Chapter Lennon

Lennon

He wanted to take me out on a date. On a fucking date. Tonight.

The night was already here.

He had been gone all day, at home with family stuff, and something in my bones felt off. I felt off. Like I couldn’t wait any fucking longer.

The urge was strong. A piece of my heart had already been carved out for this, and it felt like it was finally time rather than continuing this facade where I pretended I actually had a happy life.

I didn’t. I never did.

It was only a matter of time before Asher gave up on the bucket list for good and my “reconsideration” of life itself wouldn’t be real enough. I might have considered it, but it was the same hollow consideration I had always given.

This needed to be my end.

Today would be my end.

I had to do it. I needed to.

My phone buzzed on my nightstand. I had spent the day in bed re-evaluating my life’s existence and what I was actually doing to Asher, and the weight of it pressed heavy on my brain. I didn’t even look at the screen.

Then it began to ring.

Reaching for the annoyance, I flipped it over.

Asher’s name lit up in big, bright letters.

He was calling and after checking the time, I realized he was likely calling to remind me that Duke was on his way.

I declined the call and chose text instead. I couldn’t hear how excited he was. I couldn’t share how emotionally distraught I was.

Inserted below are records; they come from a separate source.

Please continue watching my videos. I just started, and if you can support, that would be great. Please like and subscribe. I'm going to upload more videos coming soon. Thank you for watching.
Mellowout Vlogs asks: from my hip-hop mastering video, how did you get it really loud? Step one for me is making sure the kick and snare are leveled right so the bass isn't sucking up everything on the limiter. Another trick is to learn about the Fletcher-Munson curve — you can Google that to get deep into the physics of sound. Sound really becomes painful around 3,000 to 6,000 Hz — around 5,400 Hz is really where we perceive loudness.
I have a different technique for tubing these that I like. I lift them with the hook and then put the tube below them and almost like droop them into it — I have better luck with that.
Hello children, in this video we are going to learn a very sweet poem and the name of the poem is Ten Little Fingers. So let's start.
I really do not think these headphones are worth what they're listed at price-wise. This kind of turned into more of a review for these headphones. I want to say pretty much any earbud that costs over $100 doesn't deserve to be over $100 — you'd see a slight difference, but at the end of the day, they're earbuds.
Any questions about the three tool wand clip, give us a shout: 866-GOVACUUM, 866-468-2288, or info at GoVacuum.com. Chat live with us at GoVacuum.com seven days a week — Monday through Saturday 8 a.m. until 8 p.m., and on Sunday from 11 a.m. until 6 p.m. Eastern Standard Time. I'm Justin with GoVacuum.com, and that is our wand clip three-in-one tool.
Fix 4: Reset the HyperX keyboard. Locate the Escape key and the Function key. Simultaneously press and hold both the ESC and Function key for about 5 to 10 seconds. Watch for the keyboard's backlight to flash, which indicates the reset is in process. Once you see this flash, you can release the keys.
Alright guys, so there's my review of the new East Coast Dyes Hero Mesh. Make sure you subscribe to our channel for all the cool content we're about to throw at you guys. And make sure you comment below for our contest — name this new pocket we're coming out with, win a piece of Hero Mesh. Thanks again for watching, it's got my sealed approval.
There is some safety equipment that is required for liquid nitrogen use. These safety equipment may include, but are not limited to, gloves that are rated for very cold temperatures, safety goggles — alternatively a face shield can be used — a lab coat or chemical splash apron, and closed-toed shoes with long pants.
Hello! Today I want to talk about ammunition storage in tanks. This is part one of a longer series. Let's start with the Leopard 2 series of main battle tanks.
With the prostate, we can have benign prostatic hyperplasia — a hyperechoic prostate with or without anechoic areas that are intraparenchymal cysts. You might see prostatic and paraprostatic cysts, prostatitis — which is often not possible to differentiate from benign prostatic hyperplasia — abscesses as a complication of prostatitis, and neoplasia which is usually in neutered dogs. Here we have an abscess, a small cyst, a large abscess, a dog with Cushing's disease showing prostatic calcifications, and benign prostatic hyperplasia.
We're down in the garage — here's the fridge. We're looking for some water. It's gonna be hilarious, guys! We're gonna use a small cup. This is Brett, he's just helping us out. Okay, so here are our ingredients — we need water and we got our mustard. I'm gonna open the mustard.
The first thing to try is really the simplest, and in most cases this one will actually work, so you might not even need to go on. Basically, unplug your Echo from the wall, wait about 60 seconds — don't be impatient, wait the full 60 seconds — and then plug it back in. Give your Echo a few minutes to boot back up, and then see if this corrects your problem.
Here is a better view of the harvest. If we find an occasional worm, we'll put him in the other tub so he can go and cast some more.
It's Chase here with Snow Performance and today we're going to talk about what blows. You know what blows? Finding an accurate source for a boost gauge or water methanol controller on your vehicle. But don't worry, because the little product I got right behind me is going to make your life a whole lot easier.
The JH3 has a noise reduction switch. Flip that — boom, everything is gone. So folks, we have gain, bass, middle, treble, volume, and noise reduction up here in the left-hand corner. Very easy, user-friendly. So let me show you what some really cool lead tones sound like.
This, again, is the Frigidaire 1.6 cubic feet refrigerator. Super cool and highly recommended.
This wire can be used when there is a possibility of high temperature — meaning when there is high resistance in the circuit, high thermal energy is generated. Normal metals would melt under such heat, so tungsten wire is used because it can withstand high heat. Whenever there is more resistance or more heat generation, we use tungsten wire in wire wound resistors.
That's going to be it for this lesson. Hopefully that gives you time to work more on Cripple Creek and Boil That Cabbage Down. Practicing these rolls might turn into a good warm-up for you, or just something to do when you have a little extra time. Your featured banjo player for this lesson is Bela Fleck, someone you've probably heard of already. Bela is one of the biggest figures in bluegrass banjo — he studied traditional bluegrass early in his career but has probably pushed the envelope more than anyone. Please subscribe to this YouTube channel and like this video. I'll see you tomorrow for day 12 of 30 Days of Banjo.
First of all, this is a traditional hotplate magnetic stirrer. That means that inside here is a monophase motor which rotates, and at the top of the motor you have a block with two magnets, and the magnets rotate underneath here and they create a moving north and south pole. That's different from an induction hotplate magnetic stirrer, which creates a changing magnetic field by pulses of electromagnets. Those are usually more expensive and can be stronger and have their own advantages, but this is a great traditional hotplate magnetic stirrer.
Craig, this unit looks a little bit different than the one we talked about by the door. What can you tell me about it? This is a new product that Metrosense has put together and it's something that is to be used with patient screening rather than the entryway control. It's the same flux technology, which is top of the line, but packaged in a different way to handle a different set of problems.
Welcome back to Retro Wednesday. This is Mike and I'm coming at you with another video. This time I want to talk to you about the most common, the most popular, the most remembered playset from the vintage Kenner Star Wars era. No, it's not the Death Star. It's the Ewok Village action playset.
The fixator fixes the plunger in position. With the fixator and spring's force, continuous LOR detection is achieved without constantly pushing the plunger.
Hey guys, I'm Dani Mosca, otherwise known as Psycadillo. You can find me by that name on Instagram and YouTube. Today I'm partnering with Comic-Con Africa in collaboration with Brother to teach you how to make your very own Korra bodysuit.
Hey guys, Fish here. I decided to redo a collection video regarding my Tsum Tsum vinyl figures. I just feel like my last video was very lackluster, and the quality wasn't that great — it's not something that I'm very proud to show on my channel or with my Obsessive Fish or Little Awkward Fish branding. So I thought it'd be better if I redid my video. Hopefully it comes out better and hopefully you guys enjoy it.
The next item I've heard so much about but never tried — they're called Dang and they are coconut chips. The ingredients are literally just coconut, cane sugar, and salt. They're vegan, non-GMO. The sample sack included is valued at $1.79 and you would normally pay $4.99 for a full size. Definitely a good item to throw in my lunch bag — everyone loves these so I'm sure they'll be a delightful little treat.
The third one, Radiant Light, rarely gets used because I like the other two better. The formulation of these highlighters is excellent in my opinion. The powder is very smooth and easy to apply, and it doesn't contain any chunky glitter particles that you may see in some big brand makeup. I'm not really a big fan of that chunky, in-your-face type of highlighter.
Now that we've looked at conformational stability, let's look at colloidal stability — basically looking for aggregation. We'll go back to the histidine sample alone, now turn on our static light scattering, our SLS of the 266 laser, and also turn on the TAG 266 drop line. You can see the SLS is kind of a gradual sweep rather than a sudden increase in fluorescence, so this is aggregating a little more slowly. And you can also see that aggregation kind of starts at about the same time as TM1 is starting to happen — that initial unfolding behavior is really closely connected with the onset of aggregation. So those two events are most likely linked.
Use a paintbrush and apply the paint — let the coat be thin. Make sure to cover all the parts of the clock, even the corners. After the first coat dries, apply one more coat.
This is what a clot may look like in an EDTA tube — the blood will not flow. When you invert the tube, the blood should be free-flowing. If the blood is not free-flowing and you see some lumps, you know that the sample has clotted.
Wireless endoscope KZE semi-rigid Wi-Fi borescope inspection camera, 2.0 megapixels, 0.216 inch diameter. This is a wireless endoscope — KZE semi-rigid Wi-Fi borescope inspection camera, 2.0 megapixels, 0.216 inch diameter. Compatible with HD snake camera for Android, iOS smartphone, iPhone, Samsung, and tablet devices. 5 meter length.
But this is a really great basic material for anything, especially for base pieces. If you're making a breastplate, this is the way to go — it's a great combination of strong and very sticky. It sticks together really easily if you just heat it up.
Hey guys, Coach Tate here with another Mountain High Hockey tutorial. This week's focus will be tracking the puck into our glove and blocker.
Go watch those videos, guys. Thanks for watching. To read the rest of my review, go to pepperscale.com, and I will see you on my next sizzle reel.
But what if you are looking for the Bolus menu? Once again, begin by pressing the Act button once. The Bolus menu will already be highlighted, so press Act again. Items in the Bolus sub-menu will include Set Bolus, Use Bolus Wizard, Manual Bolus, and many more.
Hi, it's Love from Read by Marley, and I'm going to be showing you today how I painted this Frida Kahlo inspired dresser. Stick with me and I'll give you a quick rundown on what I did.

Lennon: Yeah, yeah. I’ll be waiting for Duke.

Asher: Bet you look delicious.

I threw the phone across the room, shattering it to pieces on impact.

“Fuck!”

What was wrong with me?

He could choose anyone—fucking anyone—and he was wasting his time on me. It was disgusting. It was cruel. I had just allowed this to go on, knowing full well he wouldn’t accept that I still wanted to end my life.

I tossed the covers off and dropped to my hands and knees, searching the floor. I was determining if my phone was recoverable.

It was not.

This was probably for the best. Rachel couldn’t reach me. Nor could Asher. And by then, it would be too late—for them, anyway.

A horn honked outside. I got up from the ground, catching sight of Duke waiting below.

I breathed in deeply, accepting that I would either have to blow him off or make him wait.

If I made him wait too long, he’d come upstairs and knock.

I didn’t want that. I would have to go downstairs and tell him I wasn’t showing.

I hung my head, making my way down the hall toward my front door. I was the replica of a street rat—oversized dirty hoodie, black sweatpants with frayed cuffs.

Completing the walk of shame, I finally reached his vehicle.

“Ms. Becker, we’re cutting it close unless you plan on attending dinner in your current attire,” Duke said a slight grin that reminded me he was capable of jokes.

But today wasn’t a joking day.

Unfortunately, today was peace.

I offered an apologetic smile. “I’m sorry, Duke. I have to cancel. I’m just not feeling well. I tried explaining to Asher, but he insisted that I come, anyway. I’ve been throwing up and just not in the right mindset for dinner, you know?”

Duke nodded, not buying my lies, but unable to question it.

“Okay, Ms. Becker. I’ll let Asher know—”

“No. Don’t. He refused to accept my cancellation. I’m going to bed now. I’ll just message him in the morning, okay?” I said, trying to play it cool, knowing that Asher was likely going to show up at my door unannounced.

Duke was skeptical. I saw it written across his face. He knew I was being dishonest.

“If there’s anything you need, medicine, food, a ride to the hospital, you name it. I’ll come fetch you, too. You’re important to Mr. Graves.”

A tear threatened to make an appearance. I nodded and turned away quickly.

The moment the door clicked behind me, I ran up the flight of stairs taking two at a time, running until I reached my door. I closed it. Safely inside. As I slid to the ground, perched up against the door, a cautious head peeked out from around the couch at me.

“Hi, baby Nova,” I cooed.

Tears fell freely down my face. It was time now, but seeing Nova made it that much more difficult.

She’d been a shy dog, but always cuddled when she sensed sadness. She’d had a short life of tragedy, too. But Asher would care for her. He was good. He wouldn’t let her go back to the shelter.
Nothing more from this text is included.